There’s still no evidence that executions deter criminals

Despite botched executions like the one Tuesday night in Oklahoma, a majority of Americans support the death penalty. Most people in favor of capital punishment believe that it is the only just penalty for some crimes, according to a Pew Research Center survey conducted in 2011. Other subjects of the survey cited other reasons, such as religious teaching.

By contrast, the question of whether executions discourage criminals from violent acts is not up to the conscience to decide. Despite extensive research on the question, criminologists have been unable to assemble a strong case that capital punishment deters crime.

"We're very hard pressed to find really strong evidence of deterrence," said Columbia Law School's Jeffrey Fagan.

States have been executing fewer and fewer people over the past 15 years. Several states have recently abolished capital punishment, and Gov. Jay Inslee (D) placed a moratorium on executions in the state of Washington in February. The execution in Oklahoma points to the problems that states that continue the practice are encountering. Meanwhile, however, rates of violent crime are still falling steadily.

Fagan pointed to New York as an example. Former Gov. George Pataki (R) reinstated capital punishment in New York in 1995, and although no prisoners were executed, the law remained in place until the New York Court of Appeals struck it down in 2004. Whether or not criminals faced the threat of death seemed to have little effect on their behavior. "New York's homicide decline has continued before the capital-punishment statute, through the capital-punishment statute, and after the capital-punishment statute," Fagan said.

Fagan and two collaborators recently compared murder rates in Hong Kong, where capital punishment was abolished in 1993, and Singapore, where a death sentence is mandatory for murder and other crimes and is typically administered within a year and a half. The researchers found little difference between the two Asian metropolises.

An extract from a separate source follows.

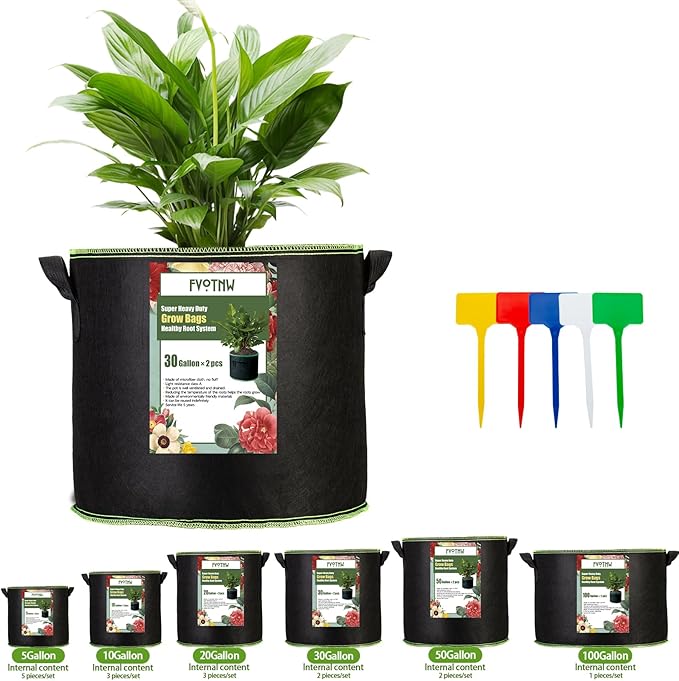 3-Pack 20 Gallon Grow Bags, Thickened Nonwoven Fabric Pots with Handles,Durable Garden Planters Aeration Gardening Container to for Plants, Vegetables, and Flowers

Another study compared the amount of violence in U.S. states with and without the death penalty and also failed to find a deterrent effect.

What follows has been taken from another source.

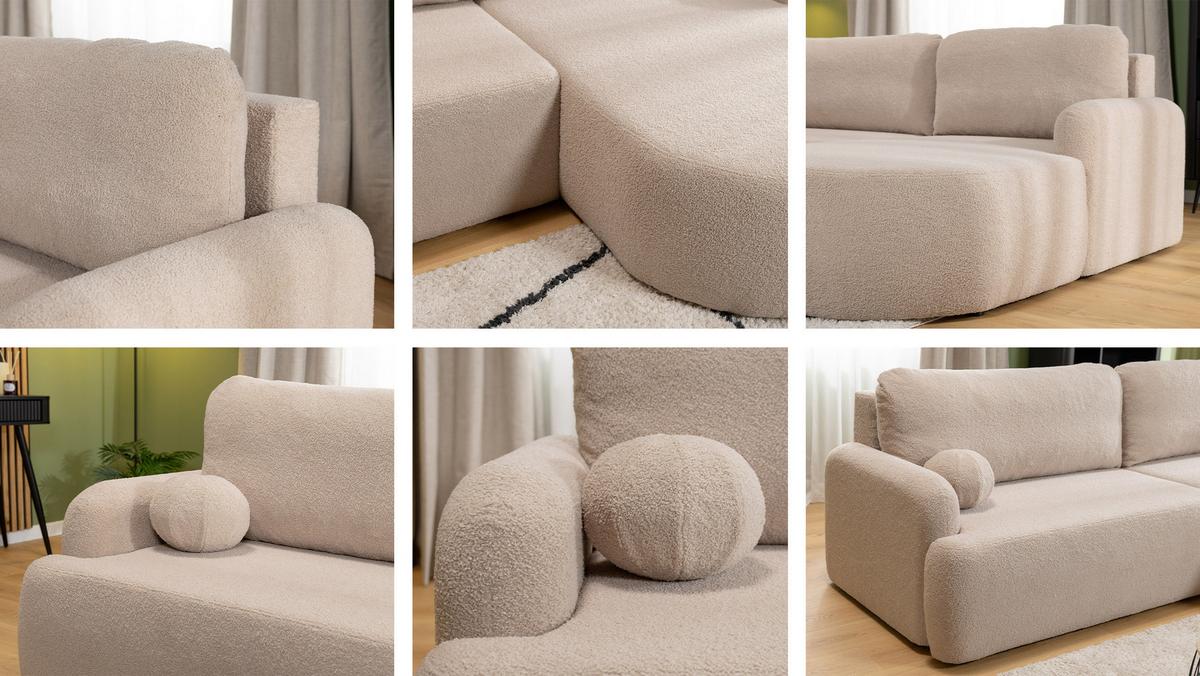 ECKSOFA Loridu, Seite: Rechts - Ecru/Schwarz, Holz/Kunststoff (250/174cm) - MIRJAN24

These studies do not prove that capital punishment does not deter criminals. There might be an effect that is invisible in these graphs because, for example, it is too small.

"We certainly can’t say there is a deterrent. We can’t say there is not either," said Marc Mauer, the executive director of The Sentencing Project, adding that the lack of evidence was itself worth considering. "I think at the very least the fact that there’s certainly no reason to believe there’s a significant deterrent effect should give pause."

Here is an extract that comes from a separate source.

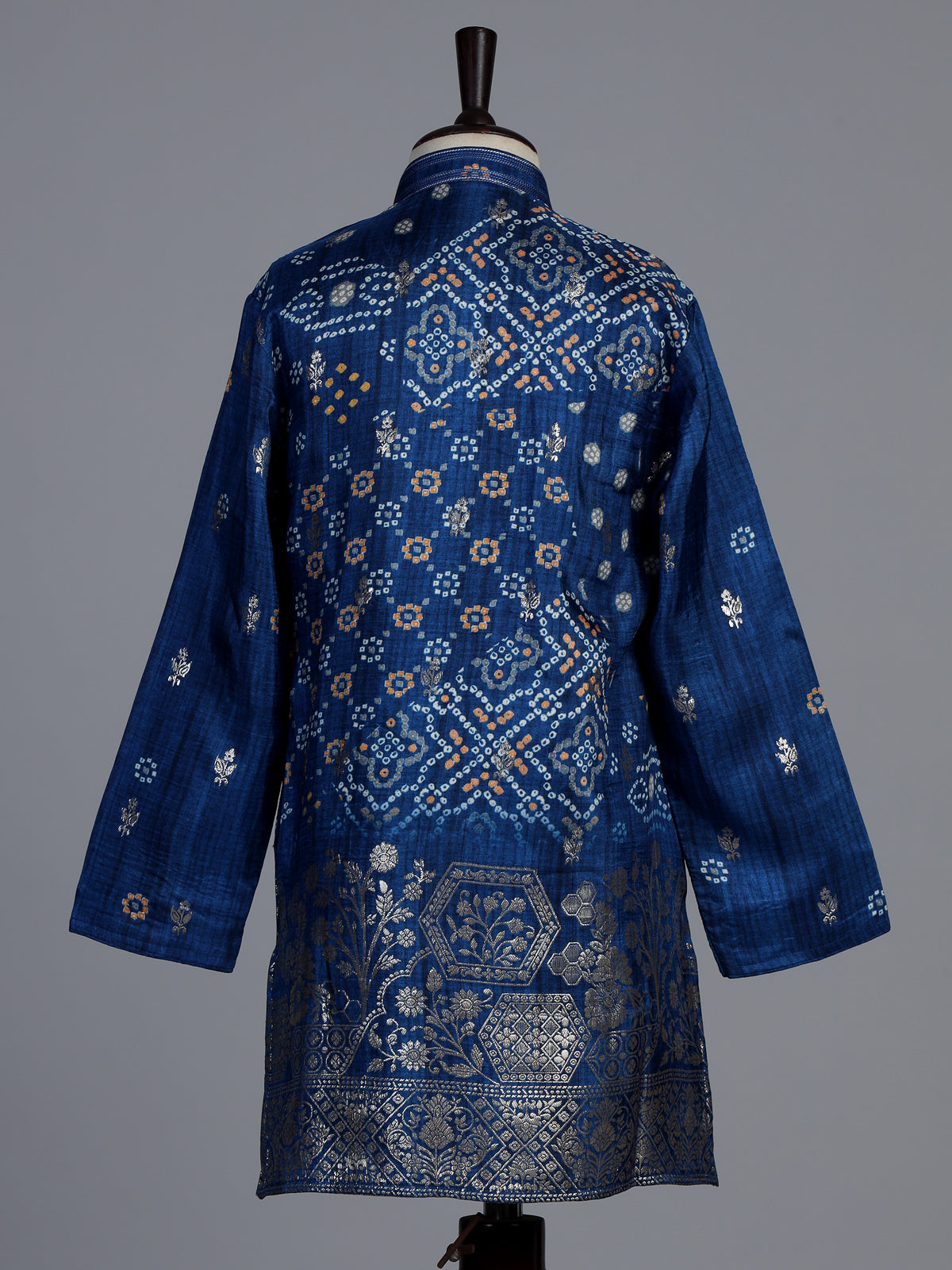 Blue silk blend Bandhani kurta suit for boys with zari elegance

Given the uncertainty about the death penalty's effect on crime, it's important to ask whether there is a deterrent effect of sentences of life without parole. After all, no one argues that those who are guilty of murder should go completely unpunished. Unfortunately, that is a question that researchers haven't been able to examine due to a lack of comprehensive data.

Still, there are reasons to doubt that criminals would change their behavior to avoid the risk of execution. Killers might not be in a state of mind to coolly evaluate their chances of being caught, tried and put to death, especially since appeals can continue for many years and only about half of those sentenced to death are eventually executed.

In fact, research suggests than criminals are mainly concerned about whether they'll be caught, not what might happen to them afterward.

"It’s the certainty of apprehension that’s been demonstrated consistently to be an effective deterrent, not the severity of the ensuing consequences," said Daniel Nagin, a professor at Carnegie Mellon University.

Nagin led a committee at the National Research Council that reviewed the evidence on executions and crime and concluded that the existing research is inconclusive. In any case, he argues, effective law enforcement is most important in preventing crime. People are more likely to break the law when they feel they can get away with it.

"The police are really at the center of the action in terms of deterrence," Nagin said.

Many homicides result from botched robberies. Good police work might make someone who is meditating murder hesitate, but just as importantly, it can discourage the kinds of criminal behaviors that become fatal when things go wrong.